LiveDVD dopiero się ściąga i pewnie będzie dopiero rano dlatego inne szczegóły na temat systemu wrzucę dopiero jutro. (O ile będę w domu)

Z góry dzięki za pomoc

Pozdro!

----------

## SlashBeast

W jaki niby sposob ktos Cie zmusil do systemd? Dalej domyslny jest openrc i sam musiales zainstalowac systemd.

----------

## Jacekalex

I przy okazji, co ma piernik do wiatraka, a systemd do błędu gruba?

Żeby zobaczyć jakąkolwiek akcję systemd, to najpierw musisz podnieść z gruba jajo, które z kolei podniesie systemd.

A jak masz error 15 z czytelnym komunikatem, to po prostu popraw ścieżki w /boot/grub/grub.conf, bo w tej chwili grub nie może znaleźć kernela.

To by było na tyle

 :Cool: 

----------

## kenczan

 *Quote:*   

> 
> 
> W jaki niby sposob ktos Cie zmusil do systemd? Dalej domyslny jest openrc i sam musiales zainstalowac systemd.
> 
> 

 

Tak czy siak już mam. Myślałem, że openrc jest deprecated.

 *Quote:*   

> I przy okazji, co ma piernik do wiatraka, a systemd do błędu gruba? 
> 
> Żeby zobaczyć jakąkolwiek akcję systemd, to najpierw musisz podnieść z gruba jajo, które z kolei podniesie systemd. 
> 
> A jak masz error 15 z czytelnym komunikatem, to po prostu popraw ścieżki w /boot/grub/grub.conf, bo w tej chwili grub nie może znaleźć kernela. 
> ...

 

Problem w tym, że te ścieżki, są poprawne.

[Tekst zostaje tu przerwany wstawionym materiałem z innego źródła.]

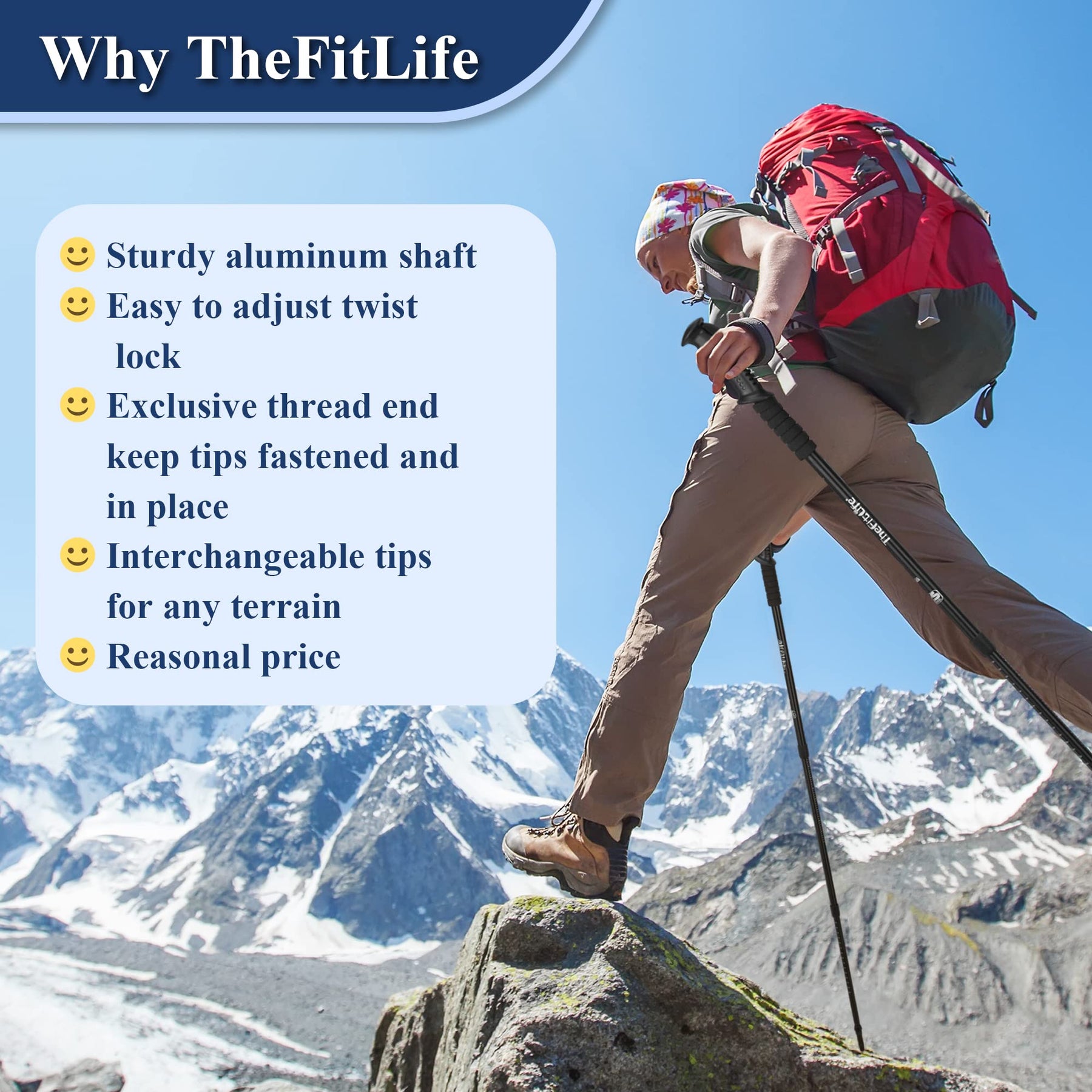 TheFitLife Hiking Walking Trekking Poles - 2 Pack With Antishock And Quick Lock System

Plik z jajem tam jest (patrz pierwszy post).

----------

## Jacekalex

Która wersja gruba?

I kto konfigurował grub.conf, człowiek czy genkernel?

Pokaż ten konfig gruba, co to podobno jest taki straszliwie prawidłowy. 

I przy okazji, ile masz w kompie dysków twardych, i czy na pewno bios podnosi system z prawidłowego dysku, 

i prawidłowy numer dysku jest ustawiony w grubie?

----------